XIe Sommet de la Francophonie
Le nouveau visage de l’Organisation internationale de la Francophonie
(Photo : sommet-francophonie.org)
« La Roumanie est le premier pays de l’Europe centrale et orientale à avoir été choisi comme hôte d’un Sommet des chefs d’Etat et de gouvernement ayant le français en partage.
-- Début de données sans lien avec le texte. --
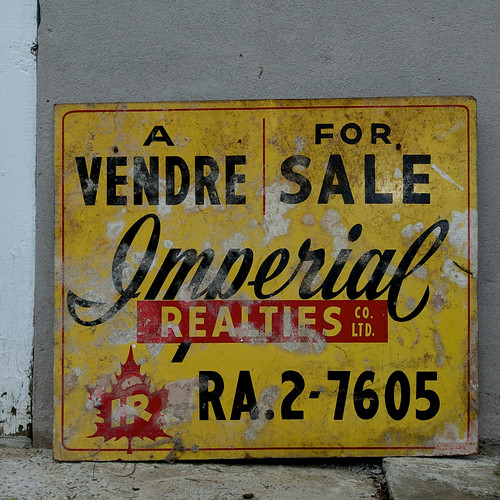 A vendre For Sale Cette affiche fut découverte dans la c… Flickr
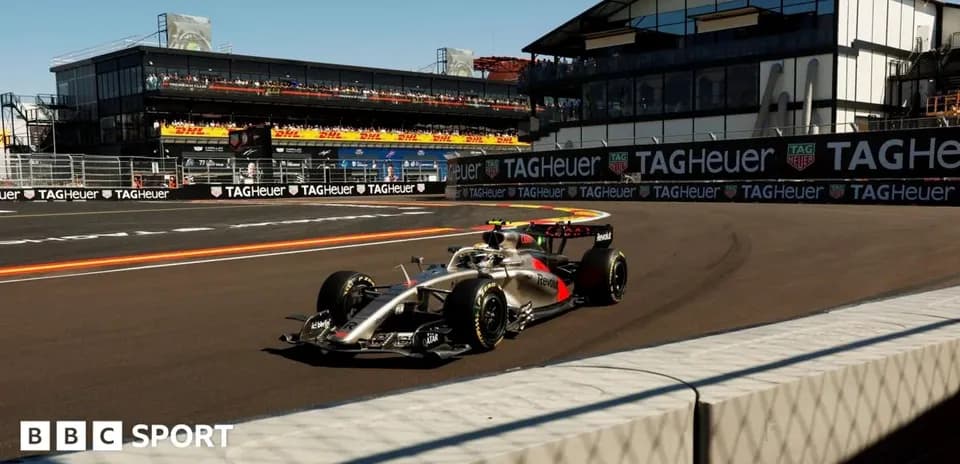 Voiture de Formule 1 sur circuit avec tribunes en arrière-plan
Avec sa spécificité de pays à la fois membre de l’OIF et de pays qui obtiendra, le 1er janvier 2007, le statut de membre de l’UE, la Roumanie entend jouer un rôle de pilier régional dans la structure des pays francophones européens. » En quelques mots, le président roumain Traian Bãsescu, en page d’accueil du site (1) que la Roumanie consacre au Sommet de Bucarest des 28 et 29 septembre 2006, met l’accent sur le message essentiel de la Conférence, au-delà de son thème Technologies de l’information dans l’éducation : la Francophonie se vit aussi à l’est de l’Europe, et cette réalité européenne peut, du fait de la double appartenance à l’Organisation internationale de la Francophonie (OIF) et à l’Union européenne (UE) de certains des nouveaux membres, se révéler un atout majeur pour renforcer l’influence francophone. En effet, l’événement de la XIe Conférence des chefs d’État et de gouvernement des pays ayant le français en partage, c’est sa localisation : vingt ans après le premier sommet à Versailles (1986), le fait que les francophones se retrouvent dans une capitale d’Europe de l’Est met en lumière le nouveau visage d’une organisation qui a profondément évolué, du point de vue de ses membres comme de ses ambitions.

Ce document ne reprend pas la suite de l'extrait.